▸ **Input data**:
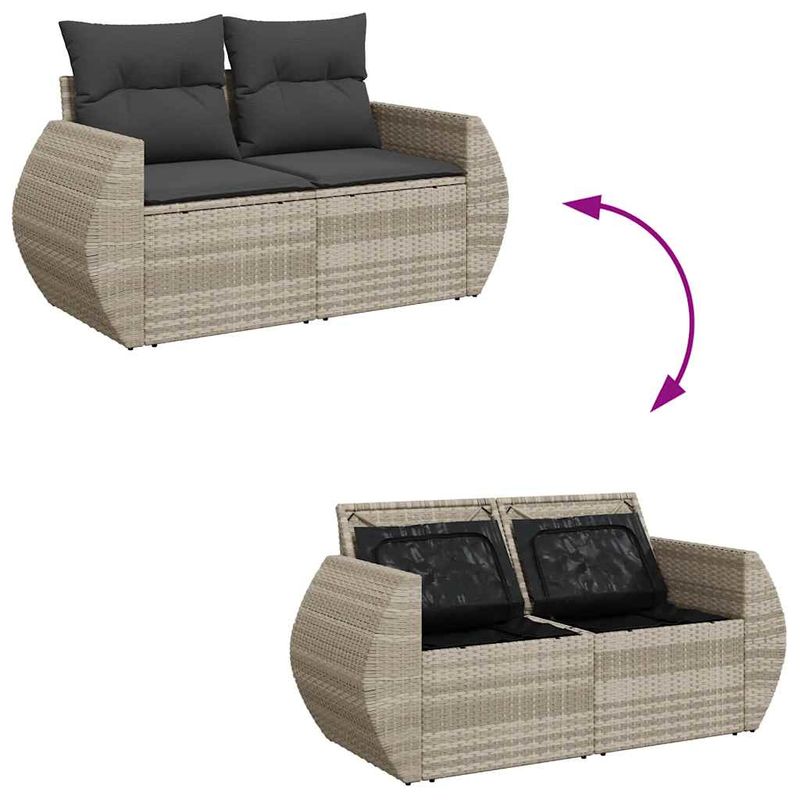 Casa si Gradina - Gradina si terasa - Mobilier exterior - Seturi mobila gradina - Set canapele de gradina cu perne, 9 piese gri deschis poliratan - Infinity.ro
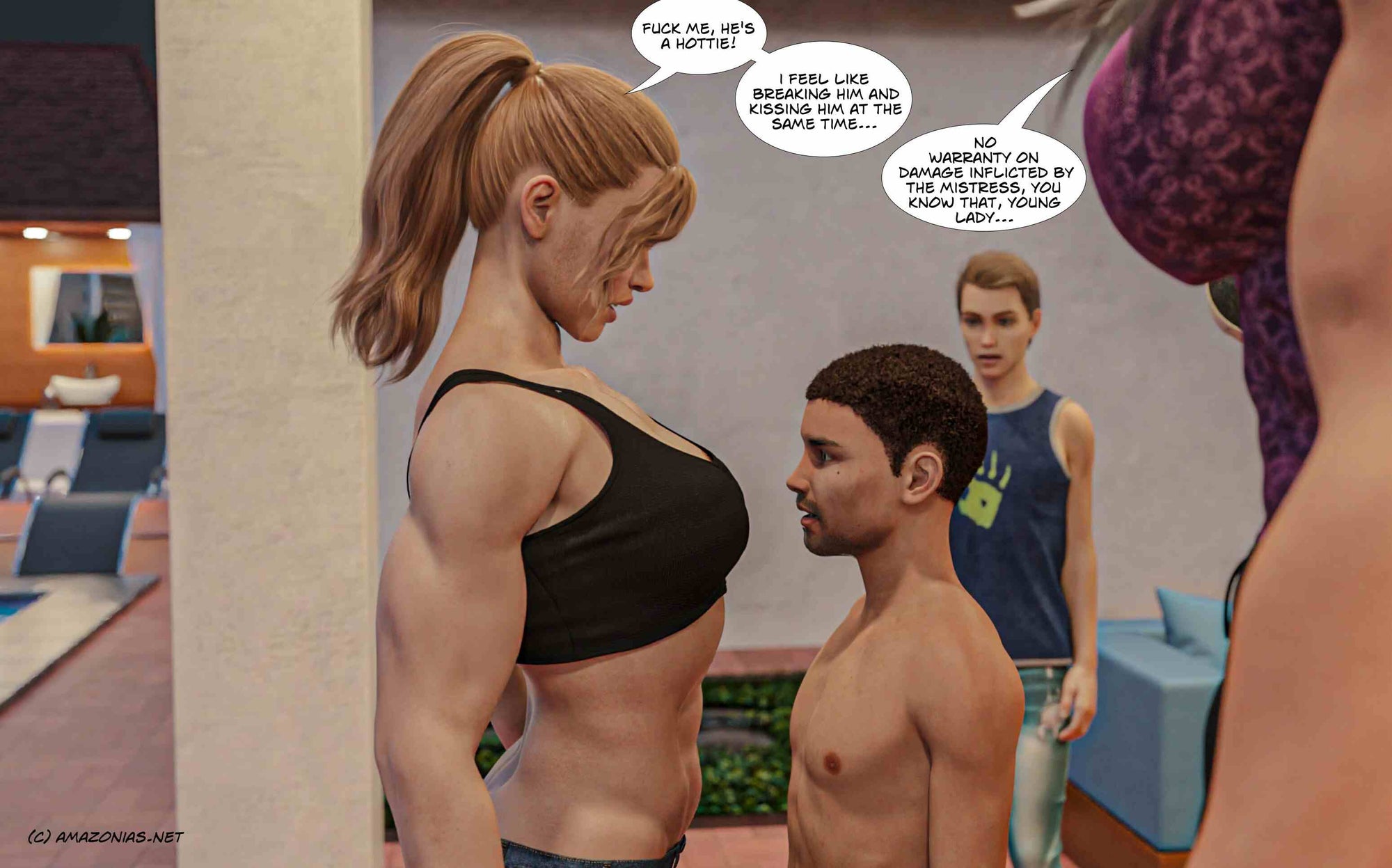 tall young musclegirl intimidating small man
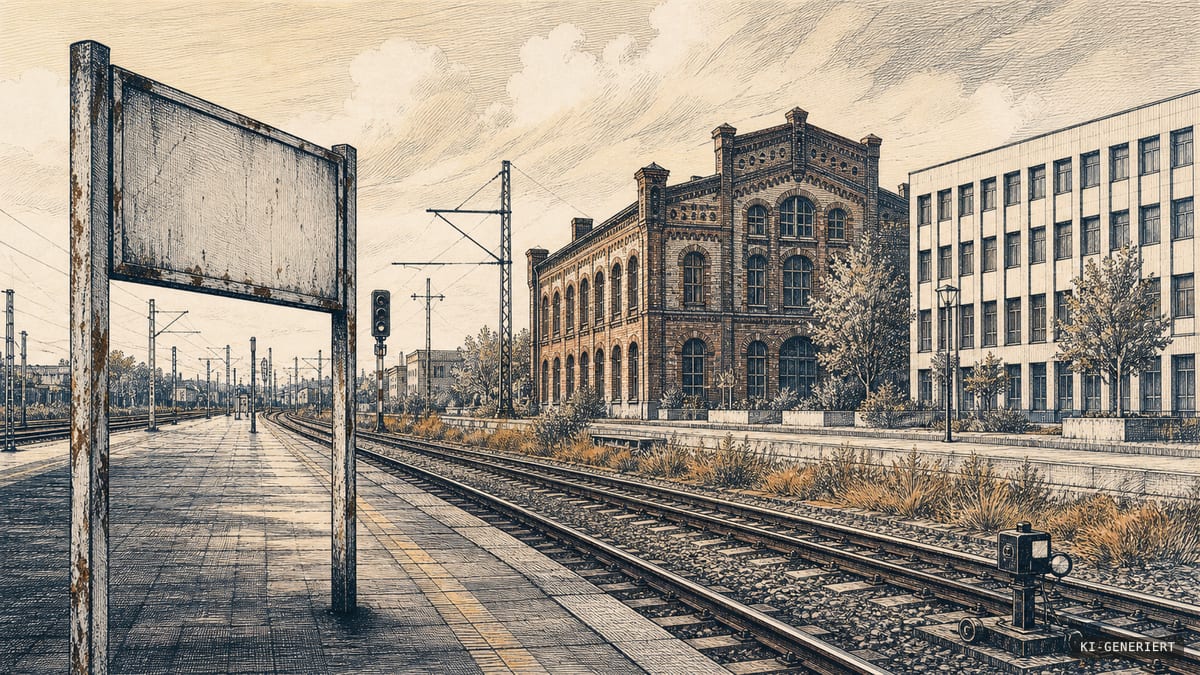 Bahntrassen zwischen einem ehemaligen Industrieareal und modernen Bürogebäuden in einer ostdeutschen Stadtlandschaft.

▸ **Task description**: Without the pictures, repeat the line with "tall young musclegirl intimidating small man" and every line after it to the end of the listing, and nothing else.

▸ **The answer**:
 tall young musclegirl intimidating small man
 Bahntrassen zwischen einem ehemaligen Industrieareal und modernen Bürogebäuden in einer ostdeutschen Stadtlandschaft.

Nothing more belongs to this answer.